Lark MCP Ingestion
Interactive alert ingestion via the Lark MCP tool. Used for ad-hoc fetches and historical backfills.
Flow
Lark MCP (im_v1_message_list)
→ JSON saved to file
→ process_lark_page.py
→ parse_alert_card() per message
→ insert_rows() → alerts.lark_alerts
Lark Channel
- Chat ID:
oc_392593bb5ace3f00ee10ab53bfe7681f(BYOC Online Alarm) - MCP parameters:
container_id_type: "chat",sort_type: "ByCreateTimeDesc",page_size: 50 - Results are often >100KB, so they get saved to files for batch processing.
Key Files
load_lark_alerts.py
Core parsing and insert logic. Two main functions:
parse_alert_card(msg) -> list[dict]
Parses a single Lark interactive card message into one alert row. Handles:
- Title parsing: Extracts cluster name and admin email from
"Cluster: <name> (<email>)"format. Detects RESOLVED cards from title suffix. - Field extraction: Regex-based extraction of Region, Account, and Cluster ID (UUID) from concatenated card text.

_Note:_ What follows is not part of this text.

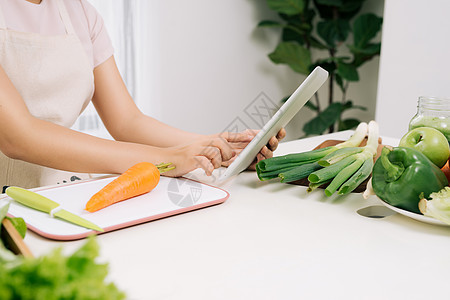 在厨房里用数字板片子的女人白色烹饪药片营养绿色饮食果汁男人食物排毒图片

- Link extraction: Pulls Admin, Dashboard, and Silence URLs from
<a>tags in card elements. - Multi-alert cards: A single card can contain both Firing and Resolved sections. These are merged into one row with pipe-delimited
alert_status(e.g.,"Firing|Resolved") andalert_namefields. - Silence artifact filtering: Skips fake alerts from "Create Silence" button blocks via
_is_silence_artifact(). - Detail truncation:
alert_detailcapped at 2,048 characters;raw_contentat 65,000.
insert_rows(cursor, rows) -> int
Batch INSERT into alerts.lark_alerts. Returns the count of inserted rows.
process_lark_page.py
Batch processor that reads a saved MCP result file (JSON), iterates over all messages, calls parse_alert_card() for each, and inserts via insert_rows().
Usage:
.venv/bin/python3 process_lark_page.py <filepath>
Output format:
msgs=50 alerts=42 range=2026-01-19 00:00:00+00:00 to 2026-01-20 00:00:00+00:00 has_more=True
PAGE_TOKEN=xxx
Or when done:
msgs=12 alerts=10 range=... has_more=False
DONE=true
Timestamp Handling
All timestamps are converted at parse time:
create_timefrom Lark (epoch ms) is converted to both Pacific (created_at) and UTC (created_at_utc).- The
ZoneInfo("America/Los_Angeles")handles DST transitions automatically.